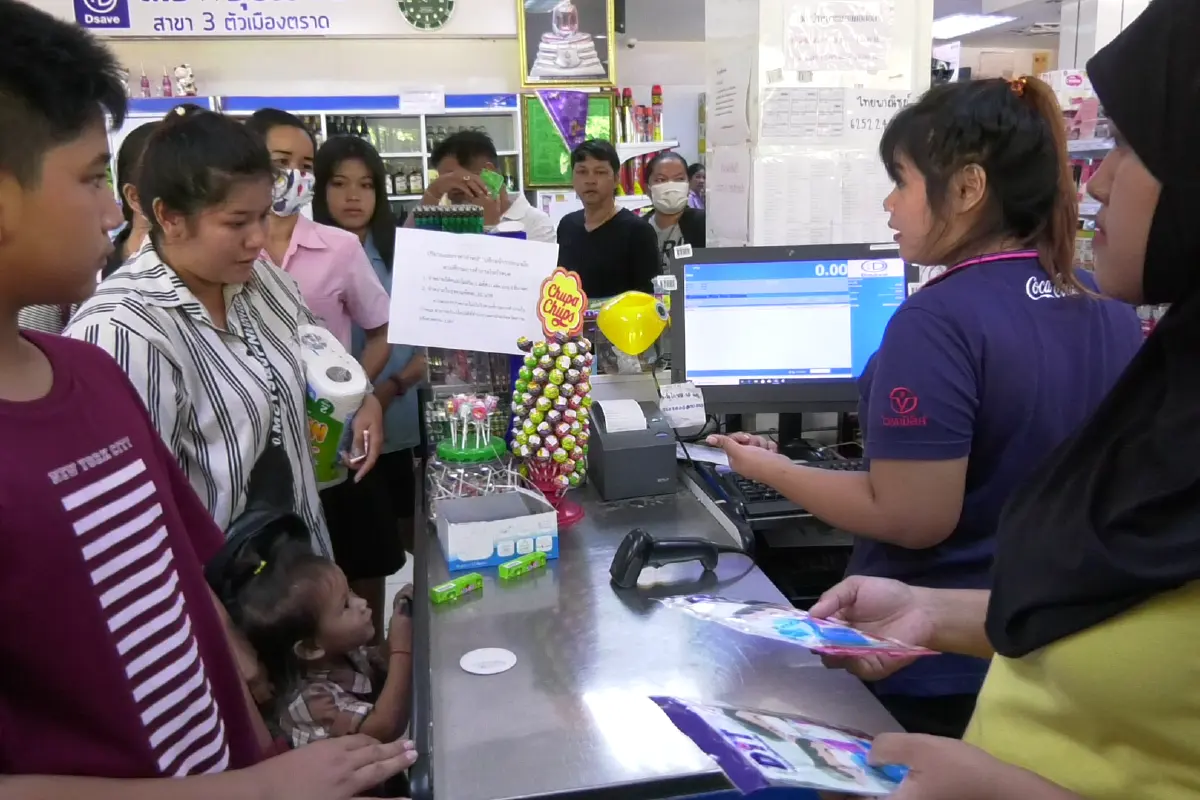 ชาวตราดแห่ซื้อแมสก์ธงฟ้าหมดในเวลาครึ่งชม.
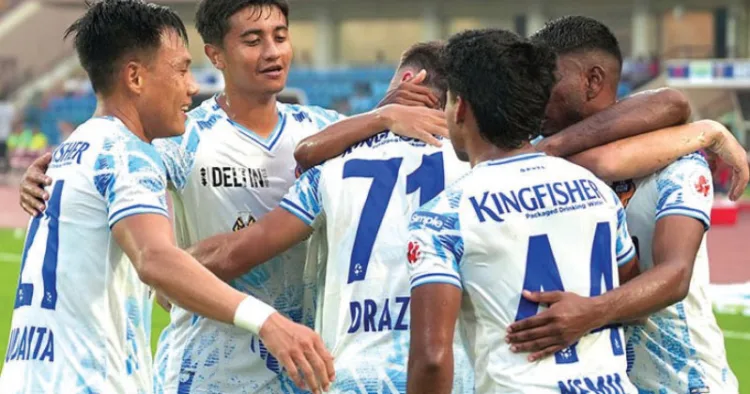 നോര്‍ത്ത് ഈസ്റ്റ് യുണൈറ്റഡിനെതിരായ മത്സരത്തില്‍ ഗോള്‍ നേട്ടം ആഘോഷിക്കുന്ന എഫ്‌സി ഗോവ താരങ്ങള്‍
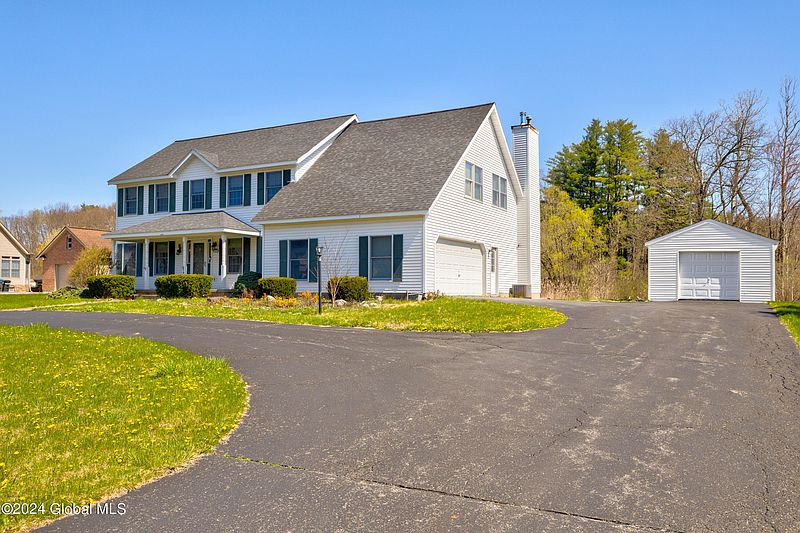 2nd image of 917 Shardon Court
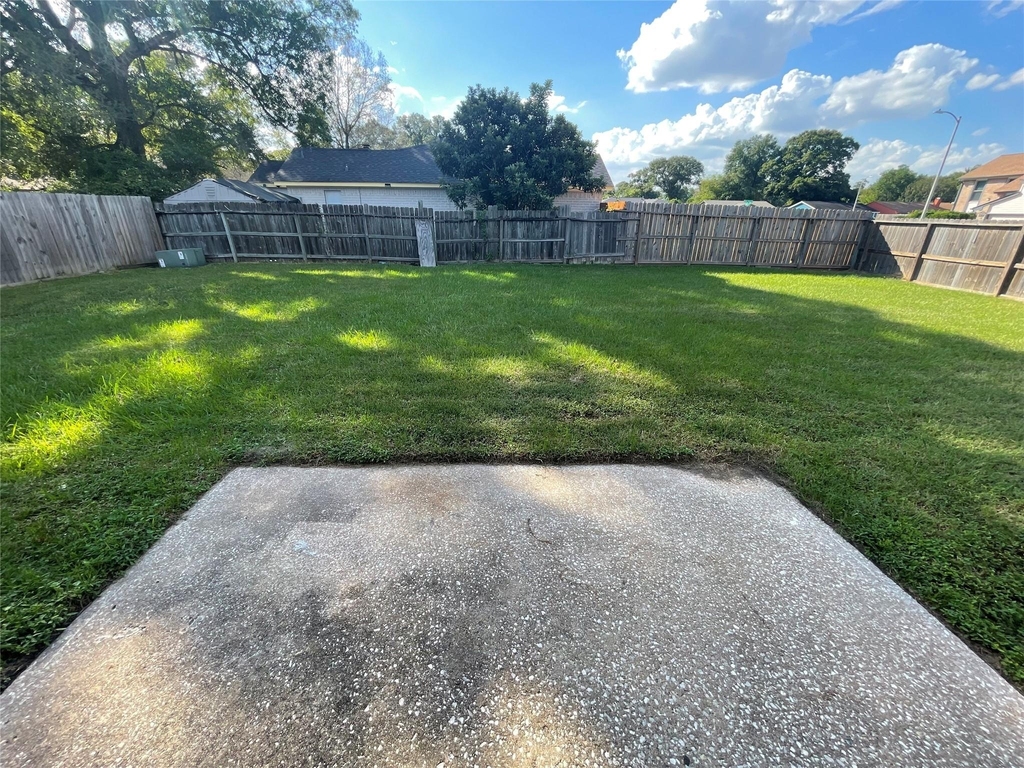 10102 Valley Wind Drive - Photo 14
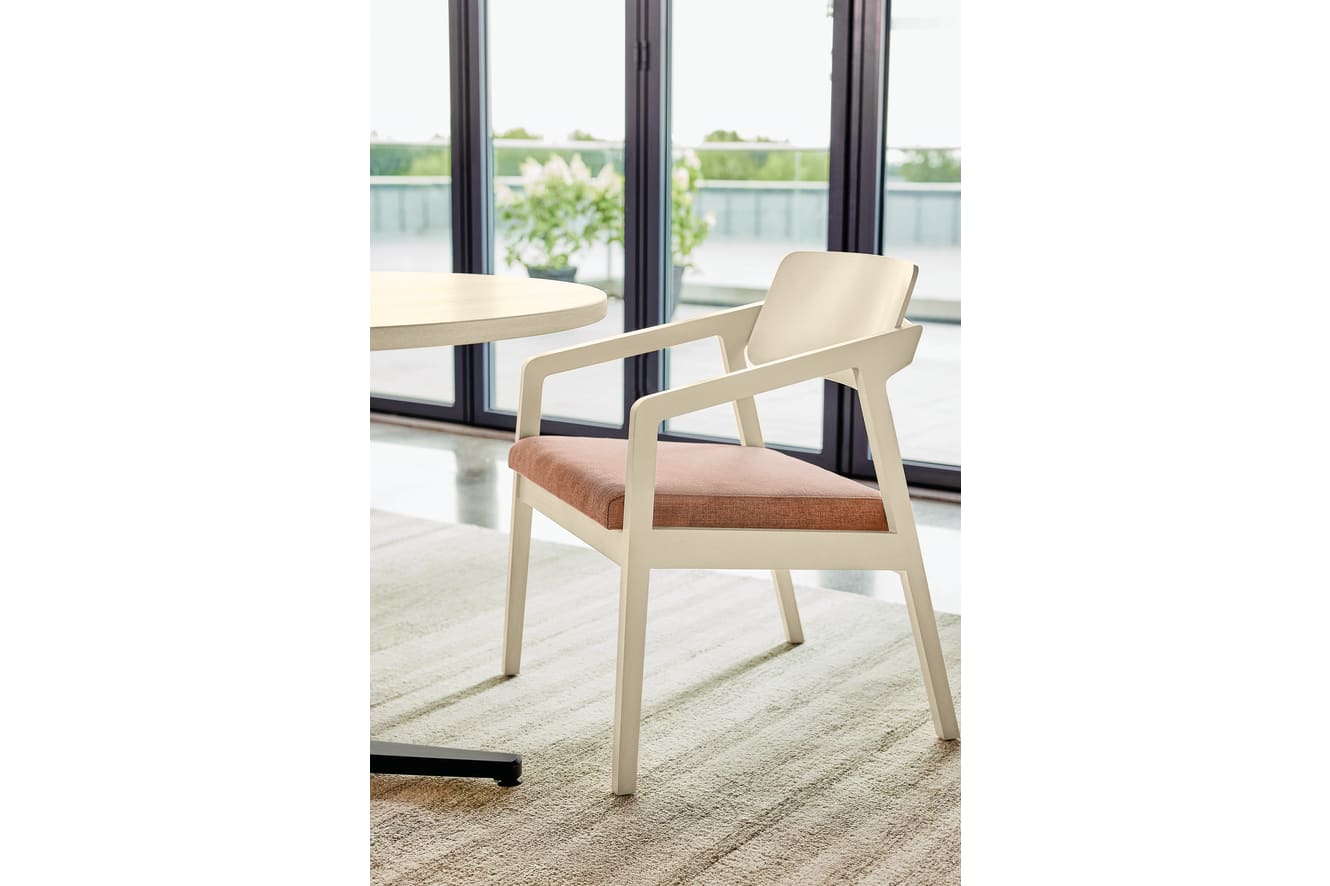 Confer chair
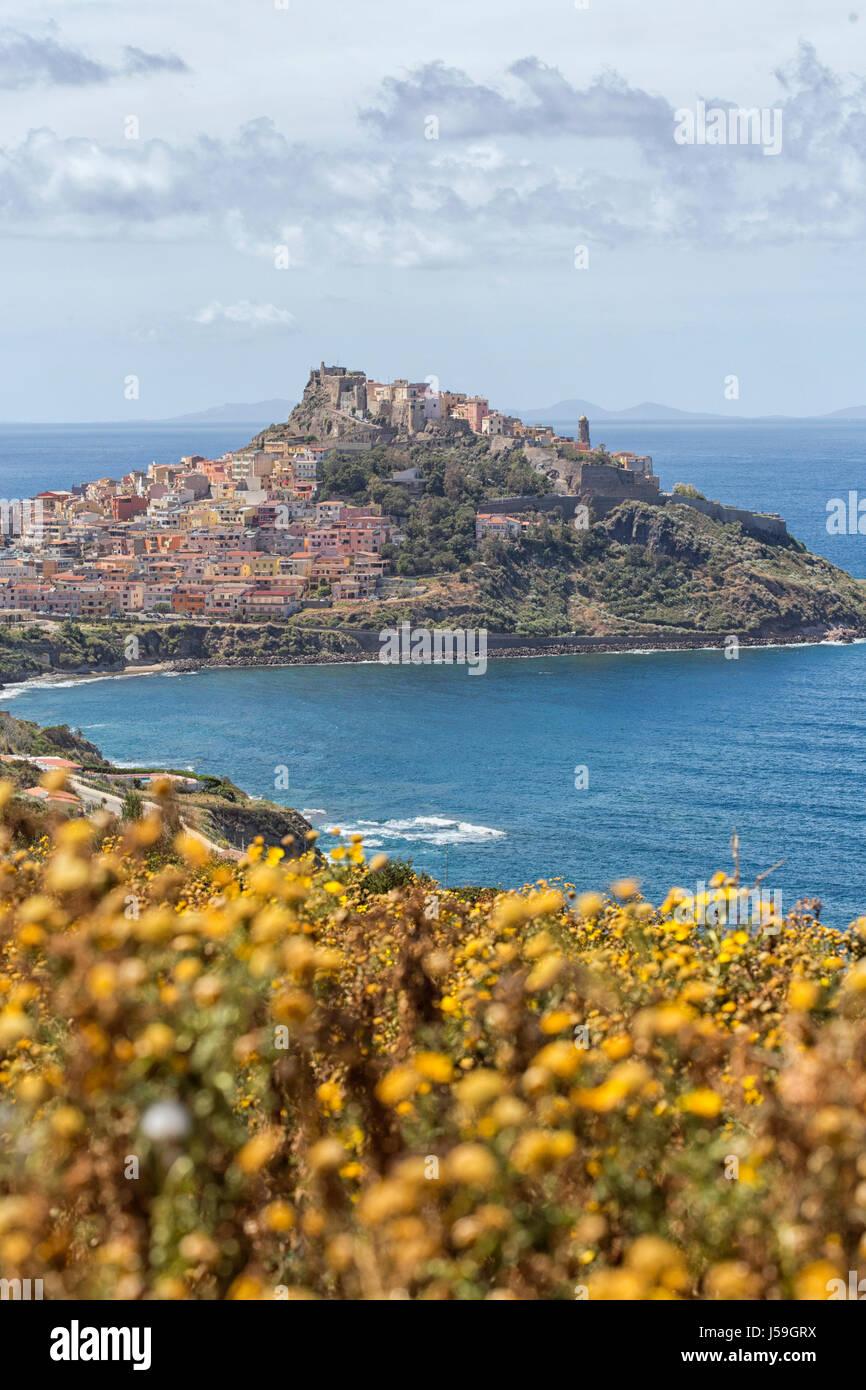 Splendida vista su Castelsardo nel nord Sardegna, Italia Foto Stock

........

• _Brief_
Return all of the records above exactly as written. Omit each picture.

• _Solution to this problem_
 ชาวตราดแห่ซื้อแมสก์ธงฟ้าหมดในเวลาครึ่งชม.
 നോര്‍ത്ത് ഈസ്റ്റ് യുണൈറ്റഡിനെതിരായ മത്സരത്തില്‍ ഗോള്‍ നേട്ടം ആഘോഷിക്കുന്ന എഫ്‌സി ഗോവ താരങ്ങള്‍
 2nd image of 917 Shardon Court
 10102 Valley Wind Drive - Photo 14
 Confer chair
 Splendida vista su Castelsardo nel nord Sardegna, Italia Foto Stock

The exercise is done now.